As happens in every recession, Washington area school systems are cutting back. It's depressing. Here's an antidote: Harness the creativity of educators, parents and students to improve our schools without more spending. Some teachers I trust helped me come up with these seven ideas.
1. Replace elementary school homework with free reading. Throw away the expensive take-home textbooks, the boring worksheets and the fiendish make-a-log-cabin-out-of-Tootsie-Rolls projects. One of the clearest (and most ignored) findings of educational research is that elementary students who do lots of homework don't learn more than students who do none. Eliminating traditional homework for this age group will save paper, reduce textbook losses and sweeten home life. Students should be asked instead to read something, maybe with their parents -- at least 10 minutes a night for first-graders, 20 minutes for second-graders and so on. Teachers can ask a few kids each day what they learned from their reading to discourage shirkers.
2. Unleash charter schools. I know, I know. Many good people find this suggestion as welcome as a call from a collection agency. They think charter schools, public schools that make their own rules, are draining money from school systems, but the opposite seems to be true. In most states, charters receive fewer tax dollars per child than regular public schools. Yet they often attract creative principals and teachers who do more with less. School finance experts don't all agree, but I am convinced that charters are a bargain. So let's have more. That won't save money in the District, one of the few places that pay as much for charters as regular schools, but Maryland and Virginia would find more charters a boon if they dropped their suburban, aren't-we-great notions and listened to what imaginative educators in a few little charter schools could teach them.
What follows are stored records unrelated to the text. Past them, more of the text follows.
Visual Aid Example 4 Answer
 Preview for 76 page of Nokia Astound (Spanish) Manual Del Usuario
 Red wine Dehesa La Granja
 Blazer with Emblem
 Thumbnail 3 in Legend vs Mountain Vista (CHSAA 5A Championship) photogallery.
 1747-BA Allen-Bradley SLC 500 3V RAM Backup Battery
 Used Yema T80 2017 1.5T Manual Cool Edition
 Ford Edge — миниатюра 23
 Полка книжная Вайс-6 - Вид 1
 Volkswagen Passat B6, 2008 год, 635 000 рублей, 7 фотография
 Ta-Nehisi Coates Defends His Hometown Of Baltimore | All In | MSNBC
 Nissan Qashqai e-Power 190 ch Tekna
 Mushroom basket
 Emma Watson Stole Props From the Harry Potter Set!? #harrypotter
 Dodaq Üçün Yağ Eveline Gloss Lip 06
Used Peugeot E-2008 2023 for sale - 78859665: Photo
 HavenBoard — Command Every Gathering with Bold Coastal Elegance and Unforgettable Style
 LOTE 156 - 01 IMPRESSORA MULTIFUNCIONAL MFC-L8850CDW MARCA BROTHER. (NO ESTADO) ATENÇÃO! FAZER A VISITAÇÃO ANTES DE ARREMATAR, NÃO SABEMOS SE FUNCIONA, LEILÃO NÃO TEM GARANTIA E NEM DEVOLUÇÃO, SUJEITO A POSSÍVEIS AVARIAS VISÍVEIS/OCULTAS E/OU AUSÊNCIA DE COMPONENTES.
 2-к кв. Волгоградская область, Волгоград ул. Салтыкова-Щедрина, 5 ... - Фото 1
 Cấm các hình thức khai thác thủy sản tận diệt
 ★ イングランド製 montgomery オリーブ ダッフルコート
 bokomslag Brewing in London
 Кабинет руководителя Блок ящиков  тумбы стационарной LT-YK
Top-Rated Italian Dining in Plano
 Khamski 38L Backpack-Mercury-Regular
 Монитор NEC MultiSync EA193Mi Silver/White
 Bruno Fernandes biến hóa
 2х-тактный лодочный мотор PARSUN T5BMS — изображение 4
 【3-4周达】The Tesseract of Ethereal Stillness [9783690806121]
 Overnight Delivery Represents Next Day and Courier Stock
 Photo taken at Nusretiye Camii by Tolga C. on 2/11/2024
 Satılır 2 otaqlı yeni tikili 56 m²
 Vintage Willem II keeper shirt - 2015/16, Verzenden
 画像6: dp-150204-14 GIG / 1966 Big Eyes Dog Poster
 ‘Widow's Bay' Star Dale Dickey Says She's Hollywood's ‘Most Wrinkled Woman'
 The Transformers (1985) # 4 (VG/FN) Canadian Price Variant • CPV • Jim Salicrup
3. Have teachers call or e-mail parents -- once a day would be fine -- with praise for their children. Some great classroom teachers make a habit of contacting parents when kids do something well. Jason Kamras, 2005 national teacher of the year and now a leading D.C. schools executive, used to punch up the parent's number on his cellphone while standing next to a student's desk. It doesn't take long. It doesn't cost much. But it nurtures bonds among teachers, students and parents that can lead to wonderful things.